Porque al final, estas representaciones no problematizan la violencia estructural, sino que la traducen a un libreto con víctimas y victimarios de manual. No estamos hablando de violencia machista: estamos consumiendo un show de realidad.

El impacto de consumir la violencia como entretenimiento
Consumir la violencia machista como espectáculo construye un imaginario rígido de lo que “debe ser” una víctima. Una mujer reconocida como víctima televisiva debe generar empatía y encajar en un guion binario: el agresor malo, punible; la mujer buena, indefensa. Su
credibilidad, incluso, depende de la figura del agresor: si él cuenta con capital económico, social o académico, la legitimidad de la víctima se pone en duda.
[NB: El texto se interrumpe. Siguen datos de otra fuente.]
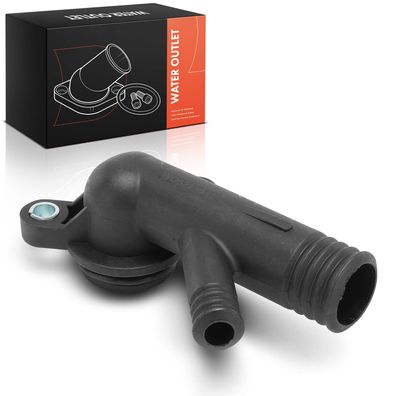 Frankberg 1x Kühlmittelflansch Wasserauslass für VW Passat Polo Golf III IV Sharan Ca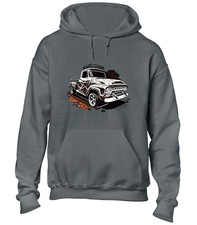CLASSIC 4X4 TRUCK HOODY HOODIE COOL USA CAR PICK UP TRUCK AMERICAN CLASSIC TOP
Además, si la mujer violentada es leída como “mala víctima” —por ejemplo, si es trabajadora sexual, usuaria de drogas fiscalizadas, migrante o neurodivergente— su lugar como víctima también es puesto en sospecha. O, simplemente, no es seleccionada para
alcanzar la mediatez. Porque el mercado televisivo necesita víctimas que encajen en su guion de consumo: mujeres sufrientes que inspiren compasión, pero no aquellas que confronten los prejuicios racistas, clasistas y moralizantes de la sociedad.
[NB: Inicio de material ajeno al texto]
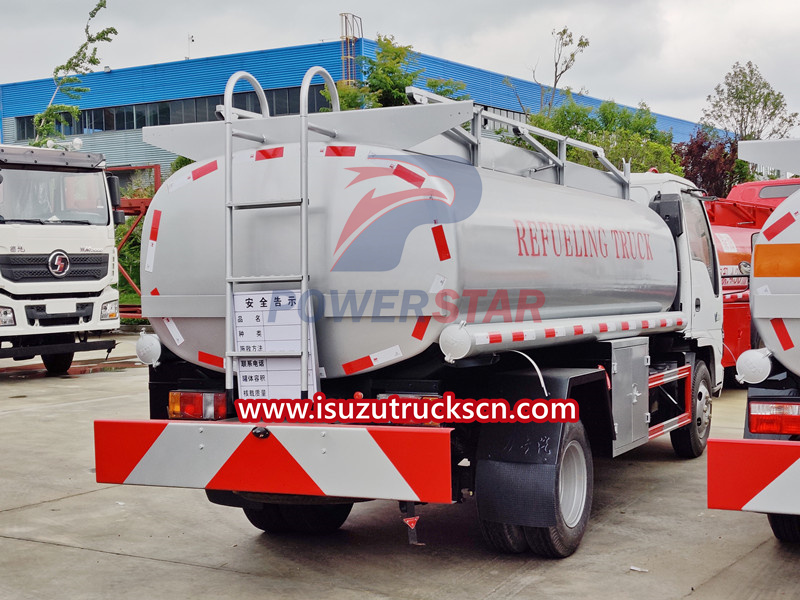 Top Isuzu NKR 5CBM mobile refueling trucks for sale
El lenguaje televisivo nunca buscó mostrar la violencia machista como un problema complejo y estructural donde se cruzan clase, raza, etnicidad, sexualidad y poder. Lo que hace es reducir todo a su expresión más fetichizable: un enfrentamiento de sexos. Esa
reducción no solo simplifica, también borra las dimensiones coloniales, raciales y de clase de la violencia, despolitizando lo que debería ser una conversación sobre desigualdad sistémica.

Lo que necesitamos narrar
El negocio mediático de la violencia machista convierte el dolor en espectáculo y a las mujeres en personajes intercambiables. Frente a esto, urge disputar la narrativa: necesitamos historias que muestren la violencia no como destino individual ni como
escándalo pasajero, sino como parte de un entramado estructural que se sostiene en el capitalismo, el patriarcado y el racismo. Historias que devuelvan a las mujeres su lugar como sujetas políticas, no como cuerpos vencidos.
Porque no se trata solo de visibilizar la violencia, sino de visibilizarla con dignidad: mostrando la agencia de las víctimas, reconociendo las múltiples opresiones que enfrentan y generando conversaciones que incomoden, que cuestionen y que transformen. Lo contrario —seguir mercantilizando el dolor— no es periodismo ni activismo: es necroentretenimiento.